Is it wrong to take solace in a double vodka tonic? I've gone so long without. Today I finally went in for some v., Svedka v. from Sweden. Normally I go with the Comrade, which is to say Stolichnaya, "my family label." (By practice, not by actual familial or business-related connections.)

Honestly, most of my frustration on this noise issue stems from the fact that I allow myself to get so bent out of shape about it. Without adequate silence I can't think straight, because I'm afflicted with this like syndrome of automatically visualizing whatever it is I hear. I can't not visualize it. So I can't write when I hear noises I can't see the sources of. (This is why I can write, and write quite productively, in cafes: all of the bustling cafe-noise has an identifiable source.) And when I can't write well, mercy does a red curtain ever descend on my vision. Those of you who know me would be surprised at some of the bleak visions I've entertained when unable to write due to inconsiderate noise. But as I was saying a good amount of my frustration can be chalked up to my guilt that I can't just deal with said noise, that I can't endure it and work through it, that I can't be better than it. Today I did the smart thing and said Screw you guys, I'm going to my favorite cafe/wine bar (which is actually really funny to say in Cartman from South Park's voice). But I shouldn't have to screw out of here whenever the UP are home. I shouldn't be so thrown off track. Music helps, especially narcotic-type guitar fuzz albums like those of, oh, Sonic Youth and certainly recently My Bloody Valentine. And I suppose deep breaths will help as well. And what else? Oh yeah: moving.

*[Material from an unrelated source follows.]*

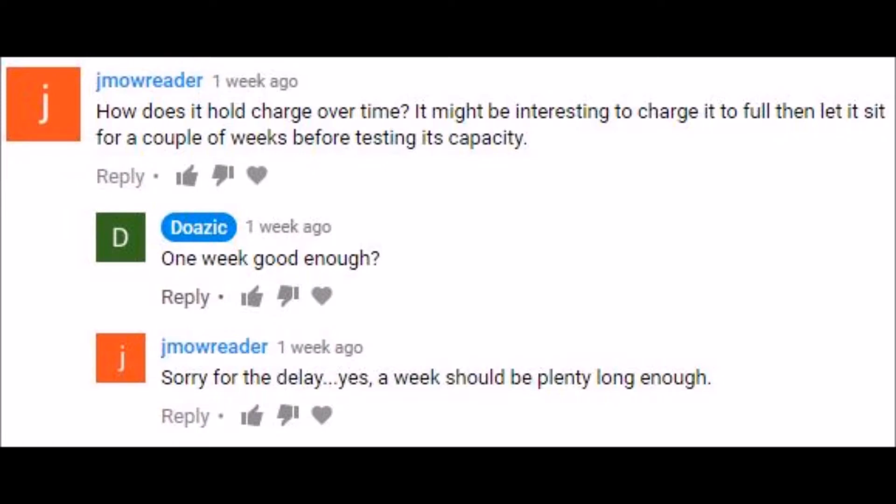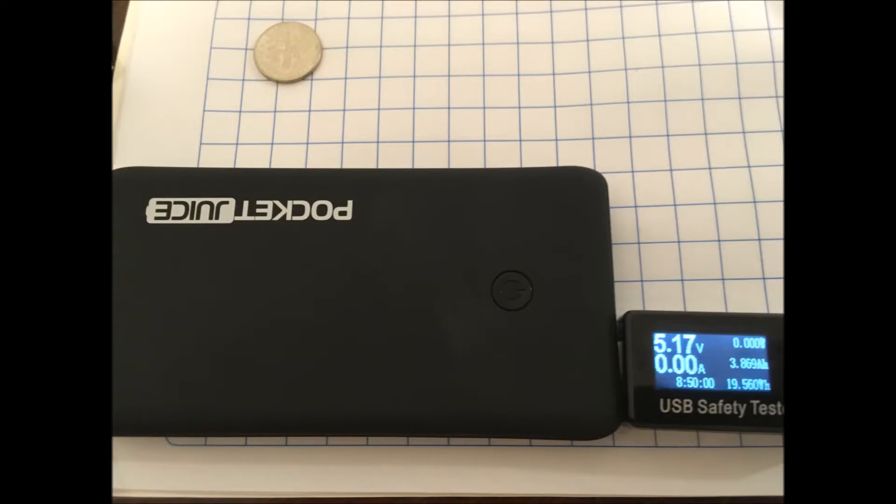3989 milliamp hours, which is actually higher than the normal capacity I got when testing it freshly charged. So the conclusion is the amount of energy lost if you leave this standing around in a closet or wherever is negligible — after a week it's still fully charged. I'm guessing multiple weeks might add up, but after one week it's still got the same amount of charge.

But as the post title says, everyone should have my problems. I've got a tall icy magical beverage, wrote a prose poem involving my dead grandmother and Galactus Devourer of Worlds from Marvel Comics fame, and also wrote 4,000+ words of Good Ground. Themes begin to cohere, even if the plot is still inchoate. I keep thinking of metaphors for describing my conception of the plot, but I keep discarding those metaphors. Nothing sounds quite right. It's rather fascinating though to watch, the novel. It's - ooh! - like watching a planet coalesce from a cloud of dust and gas: I know that it will, cohere that is, but I don't know which regions of dust or gas will cohere first. Everything's aswirl.

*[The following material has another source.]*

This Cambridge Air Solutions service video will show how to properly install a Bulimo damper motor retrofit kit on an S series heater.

By the way, it's alright to leave comments. Who knows, maybe I have no readers and therefore no potential commentators. But I suspect not. Feel welcome to contribute, here, fellows! I don't do this for my health. I do it at least in part for your health: go listen to Stars's song "Calendar Girl" - which was the song of the last "Name That Tune" post, which no one even tried to name. S'alright. You'll get 'em next time, Champ! Ace! Cap'n! Tiger! Sport!

4 Comments:

  • Noisy upstairs neighbours...maybe you could strap a subwoofer directly to your ceiling. ha ha!

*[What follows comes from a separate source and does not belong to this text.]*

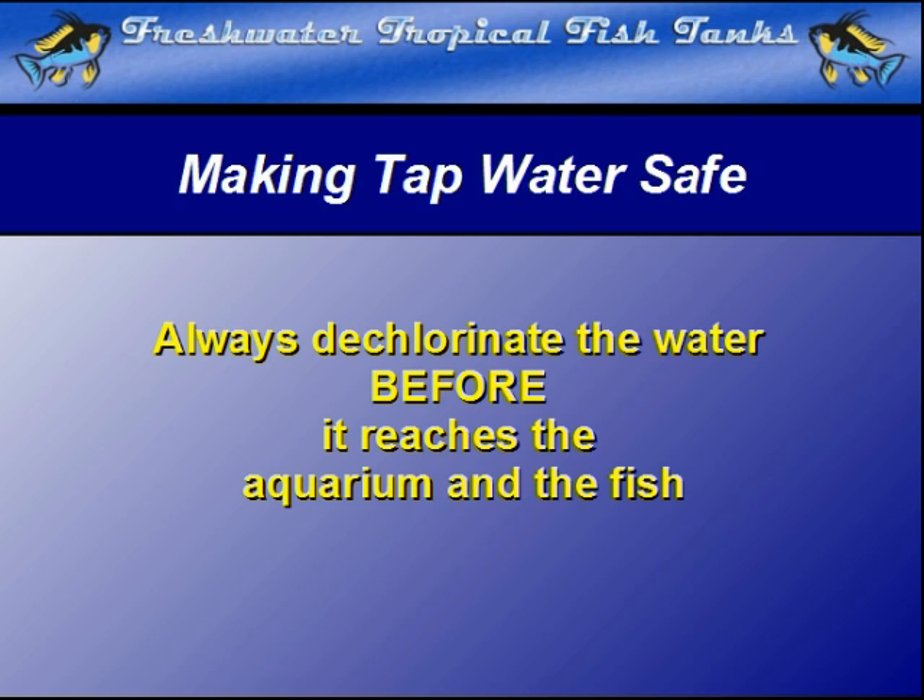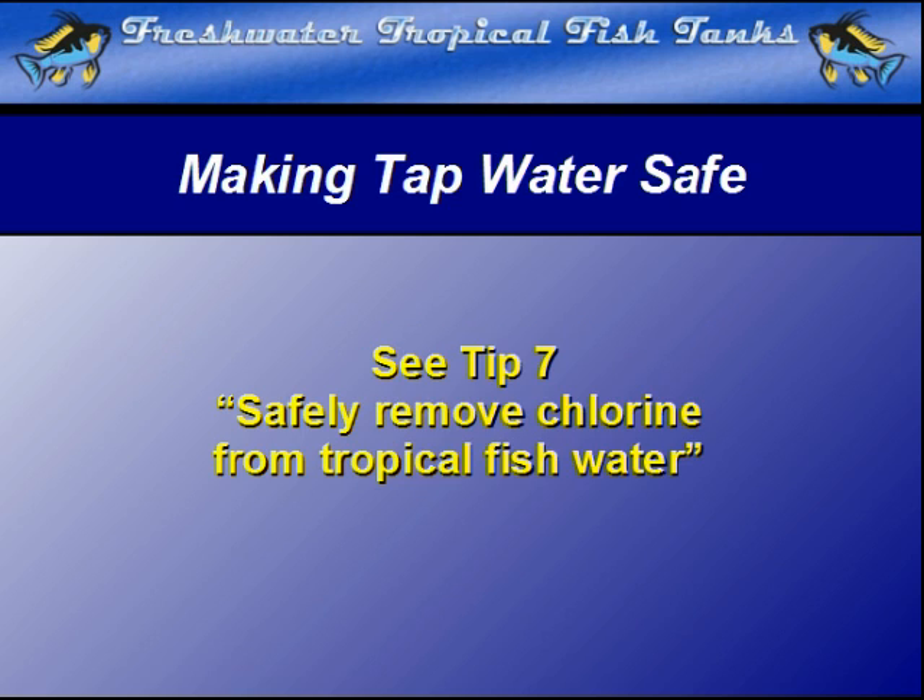The actual process is discussed in Tip 7: Safely Remove Chlorine from Tropical Fish Water.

    http://bannedbreed.blogspot.com/

    By Blogger Raine Devries, at 9:46 PM  

  • What's this cafe/wine bar? I like the prospect of the combination of those two...

    By Anonymous Anonymous, at 1:14 PM  

  • It's a spot off Union Square named 71 Irving - which is its address as well as its name. They don't have a killer selection or anything, but having the option of caffeine or alcohol is the best part. And getting a table can require patience. But it's worth it.

    By Blogger Wil, at 11:27 PM  

  • wow, you write really well! I think you deserve a better place to write.